XML2Sequential package

SeqXML is a package that contains several classes to

parse a sequential stream and address the fields as a name/value pair
convert a sequential stream to XML (elements only)
convert a XML file to a sequential stream

In order to parse the stream, the parser needs to have intimate knowledge about the structure of the stream. The structure of the stream must be described with an interface definition.

This document describes

Installation
Introduction to SeqXML package
An example
Syntax of the interface definition
What to do
Known Bugs

Installation

First download the zip file from the sourceforge project page.

The installation is very simple. Install the jar file SeqXML.jar in your classpath. Please verify that you also have Xerces parser (version 1.3.x and up) in your class path.

Test the installation by typing

java com.softwareag.benelux.test.CreateXMLStream <url to employee idl file>. The idl file is included in the zip file and must be placed in a directory that can be reached by your Web server.

After executing this test program the result must look as follows

Creating test data ...
de Grijs Rudolf 20-11-1961De Raaf 13 Culemborg 4312DJ 0345 54 41 57 rudolf.de_grijs@softwareag.com
Convert to XML ...
<?xml version="1.0" encoding="UTF-8"?>
<employee><lastname>de Grijs</lastname><firstname>Rudolf</firstname><birthdate>20-11-1961</birthdate><address><street>De Raaf 13</street><city>Culemborg</city><postalcode>4312DJ</postalcode></address><address><street></street><city></city><postalcode></postalcode></address><contact><phone>0345 54 41 57</phone><phone></phone><email>rudolf.de_grijs@softwareag.com</email></contact></employee>
And back again
de Grijs Rudolf 20-11-1961De Raaf 13 Culemborg 4312DJ 0345 54 41 57 rudolf.de_grijs@softwareag.com

Sequential streams have been around for decades. Think for example about work files or a message that is passed between applications. Nowadays XML is the choice to exchange messages between (remote) applications (SOAP is a good example) and the representation independent content.
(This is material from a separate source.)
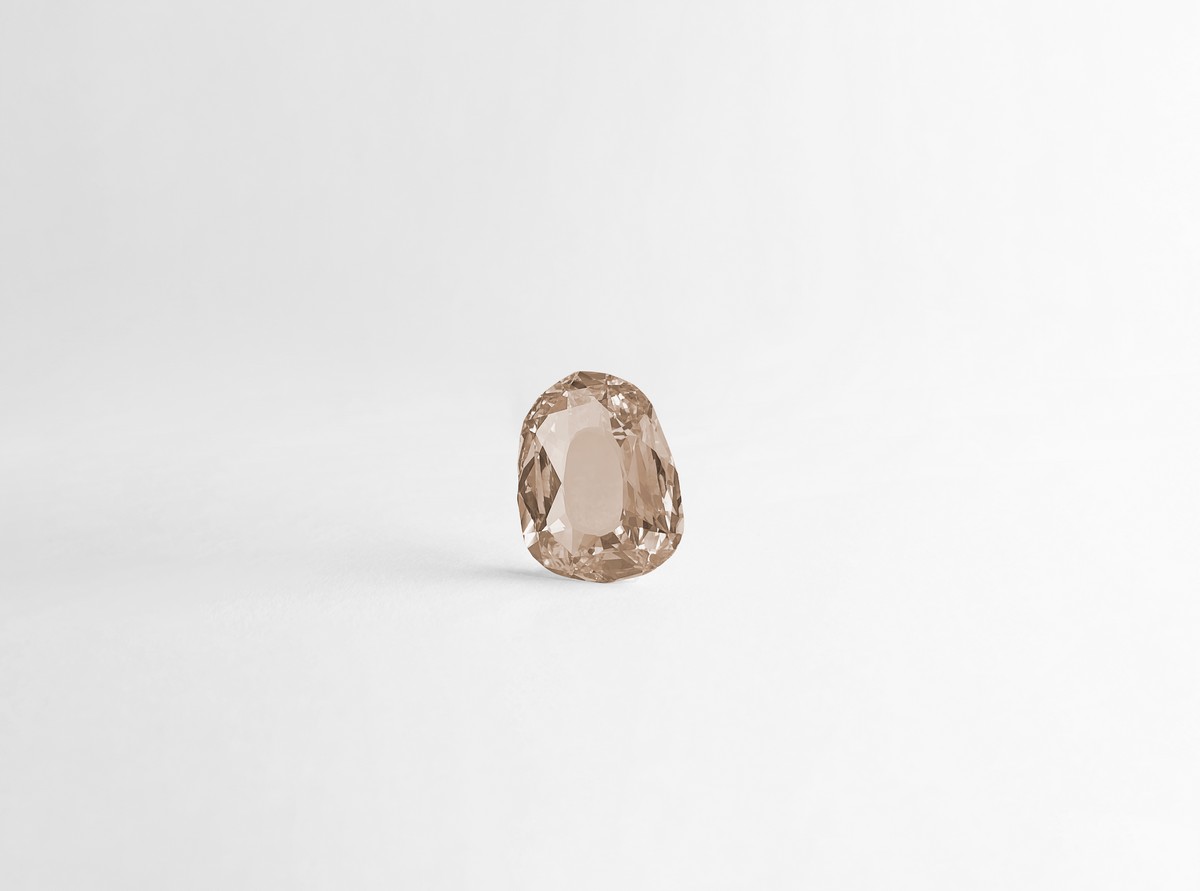 Diamante con taglio asimmetrico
The SeqXML package is the solution to handle sequential streams.

SeqXML has three major classes

ParseSeqStream
This class is used to parse a sequential stream and address the fields as a name/value pair. But it does not end here. You can also build a stream from scratch or modify an existing stream in the same consistent manner.
SeqToXml
This class converts a sequential stream to a XML stream. Probably you would like to convert the end result to something different. In that case just pick your favorite XSL parser to transform the XML stream.
XmlToSeq
Of course you also need to be able to convert your XML stream back to a sequential stream. That is exactly what XML2Seq does.

Current limitations SeqXML

The current version of SeqXML can only parse character data, since it is the only format that can be handled in a platform independent manner. Future version of SeqXML might support Java native data types (todo).

Furthermore the size of the fields need to be fixed, i.e. variable length fields are not supported. Neither are variable sized groups or vectors. Due to this requirement the size of the sequential stream will have a fixed size (todo).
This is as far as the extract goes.